Print, word for word, the line containing "560 Tamarron Drive, Centerton AR" and all lines beneath it to the end of the entries below. Pictures do not belong in the copy.

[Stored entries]

◇ ◇ ◇ ◇

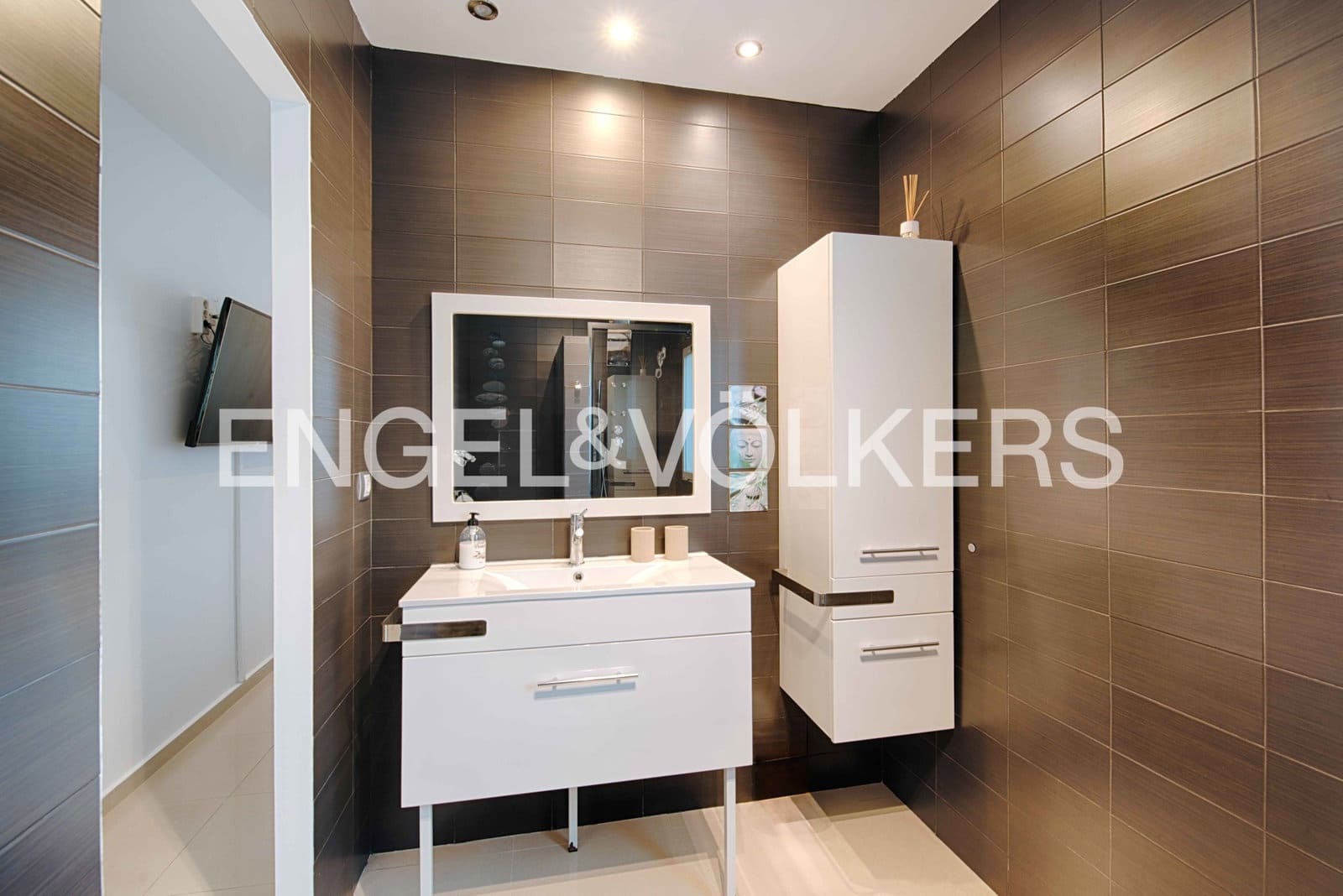 7 sovrum Villa till salu i Empuriabrava med pool garage - 1 450 000 € (Ref: 9378410)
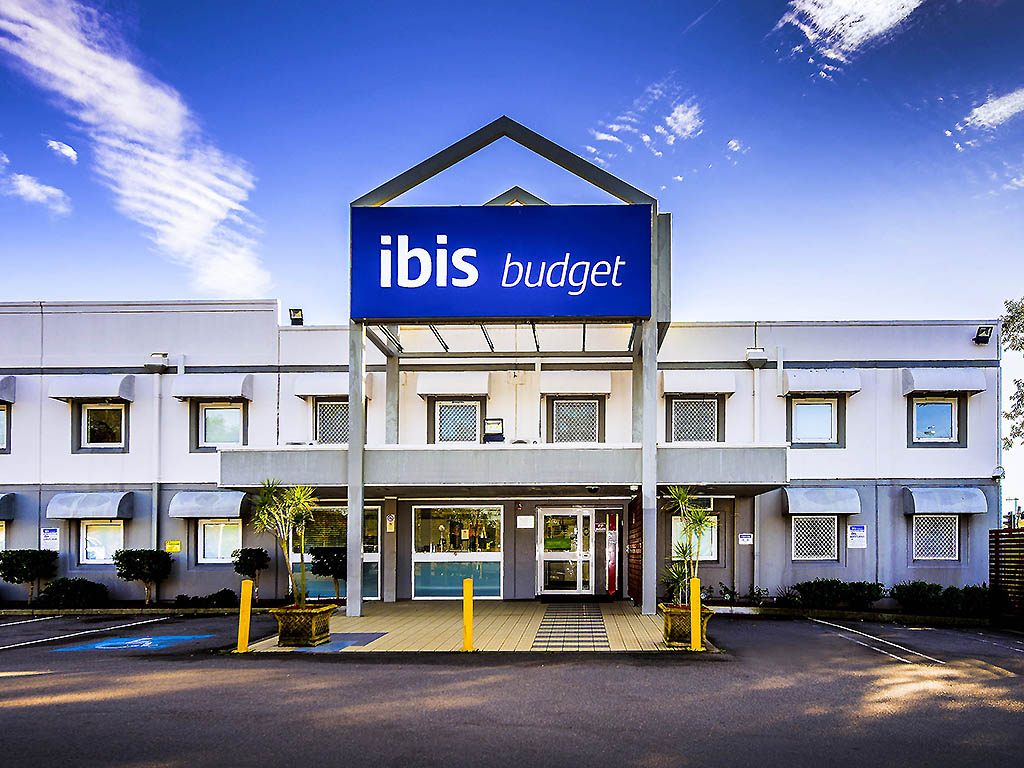ibis budget Newcastle - Image 1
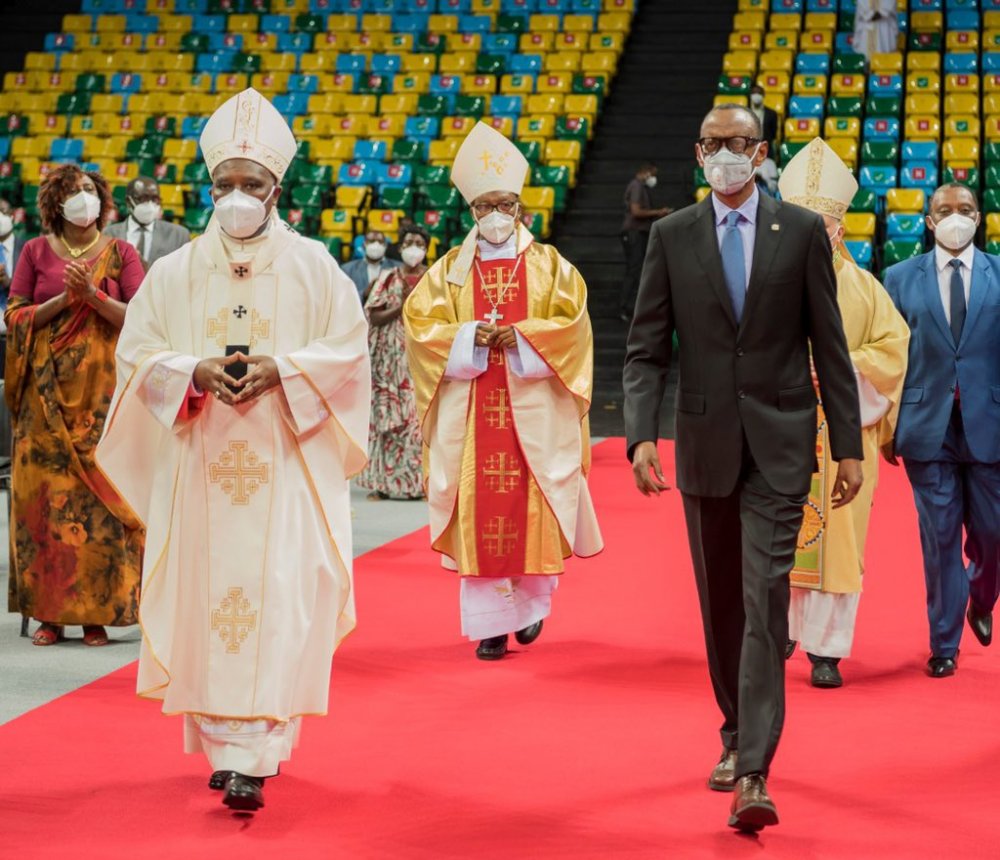 President Paul Kagame , Cardinal Antoine Kambanda and otehr Catholic Church Bishops arriving at Kigali Arena.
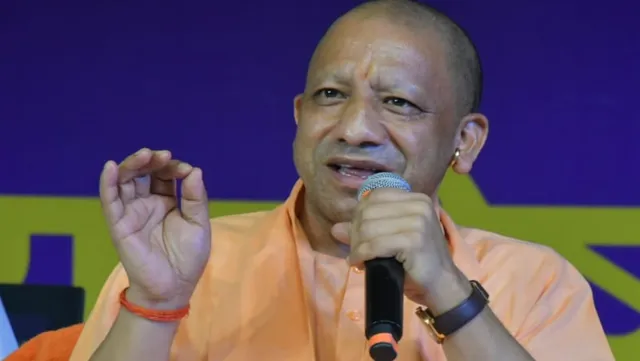 काशी में बोले सीएम योगी, आंगनबाड़ी केंद्रों के बच्चों को मिलेंगी दो-दो यूनिफॉर्म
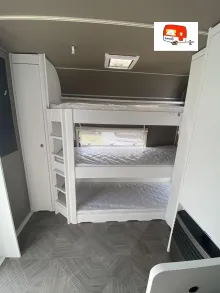 Fahrzeugbild Dethleffs c-go 565 FMK 3 er Stockbett #9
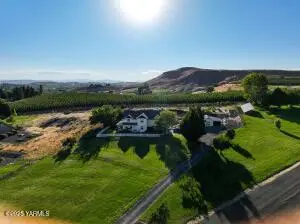 620 Tibbling Rd, Selah, WA 98942 - Image #2
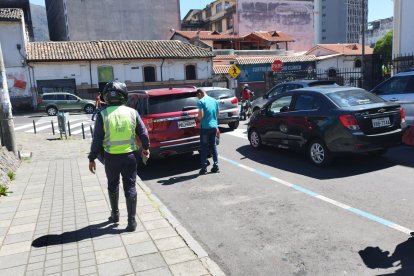 Agentes de la AMT realizan controles a diario para asegurarse de que la medida se cumpla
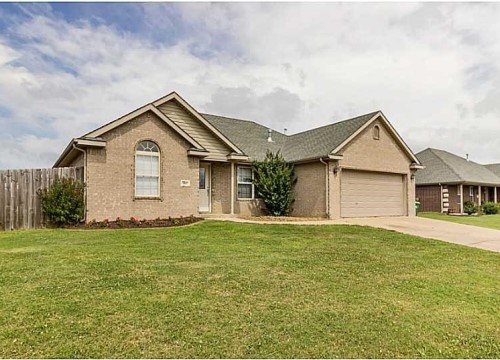 560 Tamarron Drive, Centerton AR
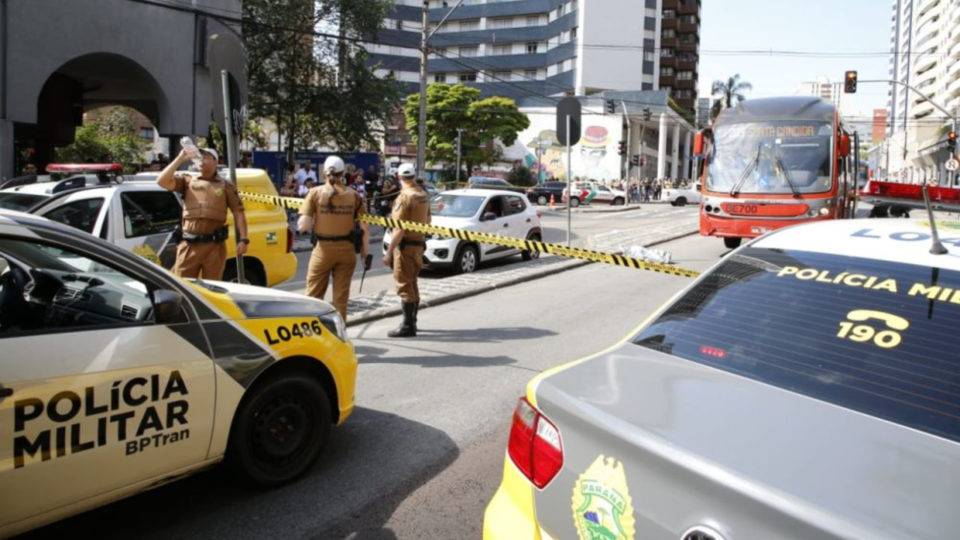 Mulher morre atropelada por biarticulado no Água Verde Idosa morreu ao ser atropelada por biarticulado na Avenida República Argentina.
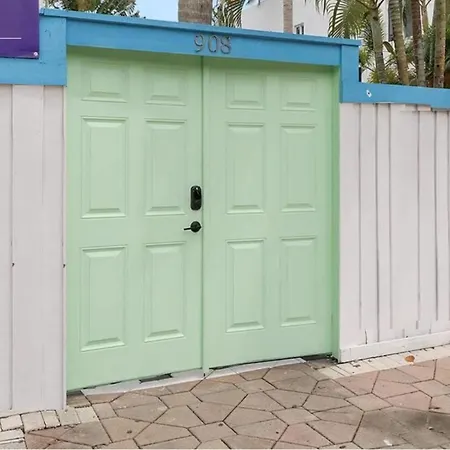 Las Olas Guest House-2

◇ ◇ ◇ ◇

> **Response for this exercise**:
 560 Tamarron Drive, Centerton AR
 Mulher morre atropelada por biarticulado no Água Verde Idosa morreu ao ser atropelada por biarticulado na Avenida República Argentina.
 Las Olas Guest House-2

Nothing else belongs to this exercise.